Traditionally, office dress code has been quite formal.  In recent years, however, business casual attire has become increasingly popular.  Regardless of the dress code, it is important to be clean-cut and dressed appropriately.  A myriad of situations may present themselves in the office when it is important to make a good impression.  Clients can drop in unannounced or upper management may request impromptu meetings.  Clean and pressed clothing looks the most presentable. Iconic fashion source, Harper’s Bazaar, suggests not showing too much skin and avoiding clothing that is too tight.  The adage “dress for the job you want, not the job you have” holds true.  Mark Twain knew that “clothes make the man” so, when in doubt, dress to impress.

Body Language

While body language may not immediately come to mind when thinking about one’s professional appearance, it can be increasingly important.  Eye contact shows interest, a firm handshake conveys confidence, and nothing indicates boredom or disinterest like slouching in a chair.  Forbes recently published an article titled 12 Body Language Tips for Career Success, which gives excellent advice on how to use body language to get ahead in one’s career.

Verbal Communication

In the office, both casual and professional conversations take place throughout the day and employees should know how to behave accordingly.  While colleagues may become friends, the office is not the place to have prolonged social conversations.
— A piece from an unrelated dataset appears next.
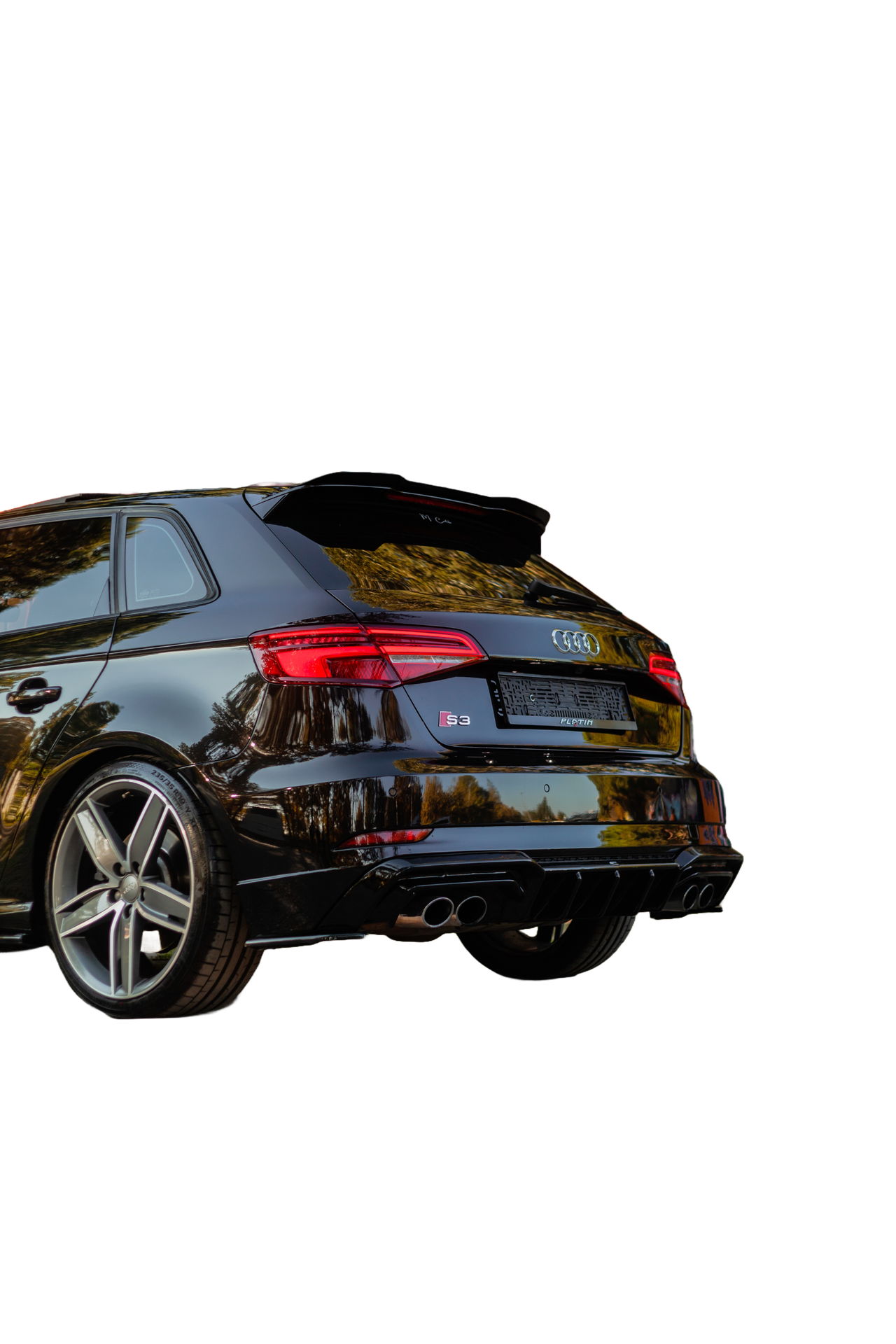 Heckdiffusor passend für Audi S3 Sportback 8V Facelift 2016-2020 Hochglanz Schwarz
In an interview, speaking professionally is obviously important.  This is not the time to use slang words or be far too conversational.  Refrain from discussing personal problems or issues.  If they are inadvertently discussed, steer the conversation in a more positive direction.  Also, avoid those “um’s and ah’s,” as they are dead giveaways for confusion or doubt.

Written Communication

Writing is required in almost every profession.  From an IT executive writing an email to a journalist writing a headlining article, everyone must be able to write in a professional manner.  Poor spelling and grammar is, perhaps, one of the biggest mistakes people can make.  Proof reading any piece of writing is important.  The email you write to a friend in the next office could easily end up in the inbox of the department head after several people hit “forward.”  Be sure to keep the content of all emails in the workplace professional to avoid any embarrassing situations.

Everything people do, say and wear is part of their personal brand and contributes to one’s professional image.  Superior job performance will greatly contribute to how one is viewed in the workplace, however a positive attitude and a polished appearance can also make a lasting impression.